-- Your goal --
Would you copy only the lines below, beginning with the one that contains "Mini Hatch view 6" and running through the last entry line?

*** Data supplied ***

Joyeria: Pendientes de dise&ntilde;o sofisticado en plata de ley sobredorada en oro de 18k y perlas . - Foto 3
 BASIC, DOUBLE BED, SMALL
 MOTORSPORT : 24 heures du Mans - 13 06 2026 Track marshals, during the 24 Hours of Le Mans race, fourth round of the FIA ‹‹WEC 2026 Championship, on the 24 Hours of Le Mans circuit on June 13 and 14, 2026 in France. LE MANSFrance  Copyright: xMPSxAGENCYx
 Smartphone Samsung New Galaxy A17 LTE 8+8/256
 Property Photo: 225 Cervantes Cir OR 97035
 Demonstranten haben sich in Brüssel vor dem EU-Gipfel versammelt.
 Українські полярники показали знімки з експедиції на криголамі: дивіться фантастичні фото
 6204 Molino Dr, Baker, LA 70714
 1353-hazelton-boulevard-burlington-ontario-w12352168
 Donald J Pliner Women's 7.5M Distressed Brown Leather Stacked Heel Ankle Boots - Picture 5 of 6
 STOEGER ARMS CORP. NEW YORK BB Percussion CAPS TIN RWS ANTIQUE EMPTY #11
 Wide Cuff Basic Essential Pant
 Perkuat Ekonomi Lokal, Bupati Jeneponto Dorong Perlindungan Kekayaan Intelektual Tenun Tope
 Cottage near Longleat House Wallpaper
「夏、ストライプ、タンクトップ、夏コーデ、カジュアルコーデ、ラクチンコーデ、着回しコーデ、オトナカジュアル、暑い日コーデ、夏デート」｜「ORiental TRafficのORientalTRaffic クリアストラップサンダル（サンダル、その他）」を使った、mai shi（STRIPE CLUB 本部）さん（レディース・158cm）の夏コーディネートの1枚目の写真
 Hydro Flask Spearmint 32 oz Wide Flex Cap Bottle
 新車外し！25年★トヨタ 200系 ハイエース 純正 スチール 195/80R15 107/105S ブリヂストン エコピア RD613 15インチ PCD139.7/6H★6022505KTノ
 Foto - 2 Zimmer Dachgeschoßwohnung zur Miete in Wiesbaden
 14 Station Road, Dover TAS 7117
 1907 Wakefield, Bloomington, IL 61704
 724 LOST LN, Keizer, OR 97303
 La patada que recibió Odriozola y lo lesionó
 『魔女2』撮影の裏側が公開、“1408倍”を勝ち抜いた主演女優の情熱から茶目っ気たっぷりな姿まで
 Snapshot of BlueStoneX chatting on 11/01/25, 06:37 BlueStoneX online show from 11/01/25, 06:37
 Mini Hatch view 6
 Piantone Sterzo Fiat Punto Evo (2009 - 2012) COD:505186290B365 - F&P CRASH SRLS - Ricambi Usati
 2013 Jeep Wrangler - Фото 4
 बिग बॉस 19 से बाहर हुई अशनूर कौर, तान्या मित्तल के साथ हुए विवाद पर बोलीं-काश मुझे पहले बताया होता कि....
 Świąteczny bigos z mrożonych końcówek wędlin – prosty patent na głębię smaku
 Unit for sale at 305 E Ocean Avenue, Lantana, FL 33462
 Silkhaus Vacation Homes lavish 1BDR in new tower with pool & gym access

*** End of Data supplied ***

-- Answer section --
 Mini Hatch view 6
 Piantone Sterzo Fiat Punto Evo (2009 - 2012) COD:505186290B365 - F&P CRASH SRLS - Ricambi Usati
 2013 Jeep Wrangler - Фото 4
 बिग बॉस 19 से बाहर हुई अशनूर कौर, तान्या मित्तल के साथ हुए विवाद पर बोलीं-काश मुझे पहले बताया होता कि....
 Świąteczny bigos z mrożonych końcówek wędlin – prosty patent na głębię smaku
 Unit for sale at 305 E Ocean Avenue, Lantana, FL 33462
 Silkhaus Vacation Homes lavish 1BDR in new tower with pool & gym access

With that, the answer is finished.